Esas trabas deben ser identificadas y eliminadas. Las personas que se parapetan detrás de ellas deben ser removidas, siempre que no sea posible ese ansiado «cambio de mentalidad».
Hay que dar cabida al talento y a la iniciativa de nuestros emprendedores, palabra que, por simplismo conceptual, se asocia en exclusivo al sector privado, pero que debe entenderse en todo ámbito laboral.
La aversión hacia esas trabas es lógica y comprensible. Sin embargo, no nos puede llevar a denostar cualquier actividad o norma regulatoria que esté vigente o que precisemos aprobar en el futuro. La regulación de la economía y del mercado es fundamental para asegurar tanto la justicia social como la soberanía popular, los dos pilares del proyecto revolucionario y socialista que defendemos.
El liberalismo no tiene nada bueno que ofrecerle a Cuba: sus promesas de desarrollo suelen venir acompañadas de mucha desigualdad.
El Estado puede y debe ejercer su poder para limitar al máximo esas brechas de inequidad, para controlar que las apetencias mercantiles de nuestras empresas, ya sean estatales o privadas, nunca se divorcien de los objetivos que perseguimos como país.
Para aquellos cuyos intereses son irreconciliables con el bienestar de la mayoría, para aquellos que buscan, de manera tácita o expresa, una acumulación de riqueza desmedida, estas regulaciones (que existen o que deben existir en el futuro próximo) son y serán trabas.

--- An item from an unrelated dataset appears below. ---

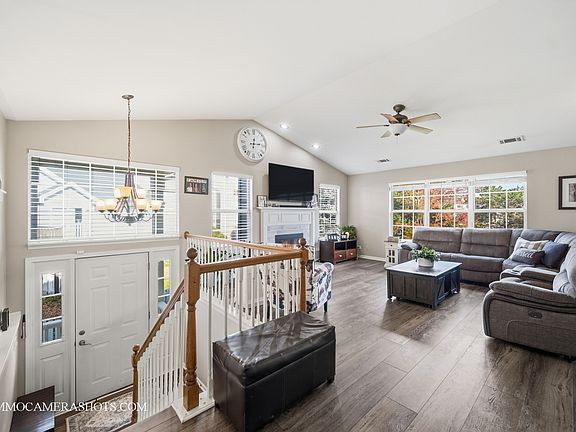 3rd image of 57 Seton Creek Dr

Para los proletarios, para los que vivimos de un salario, para los que necesitamos que el socialismo sea próspero, pero también sostenible y justo, esas regulaciones no son más que la garantía para nuestros derechos ciudadanos, para que la letra de la Constitución no sea una mera declaración política.
A regular, con tino e inteligencia, nos llaman los tiempos modernos: a expropiar al latifundista y a sus homólogos, a multar a los especuladores; a reprimir con toda la furia de la Revolución a los enemigos del pueblo, al oportunista que medra con su cargo y al nuevo rico que quiere hacer de Cuba un país «normal».
La Revolución, en palabras de Fidel, no se hizo para mantener un estándar de lujo, se hizo «en favor de aquella capa inmensamente mayoritaria de la nación que ni tenía casas ni centros de recreo ni escuela ni viajes a Europa ni a Estados Unidos, que no tenía máquinas lujosas (…) la gran capa que no tenía ayuda, no tenía hospitales, no tenía en muchos casos ni el pan de cada día asegurado para sus hijos».*
Ni una traba para el patriota que quiere el bien del colectivo, de su pueblo; toda la regulación para asegurar que esos principios fundantes del socialismo en Cuba no se olviden ni se distorsionen: esa debe ser nuestra aspiración.
*Discurso pronunciado por el Comandante en Jefe Fidel Castro Ruz en la primera Gran Asamblea de los Comités de Defensa de la Revolución, en la Plaza de la Revolución, el 28 de septiembre de 1961.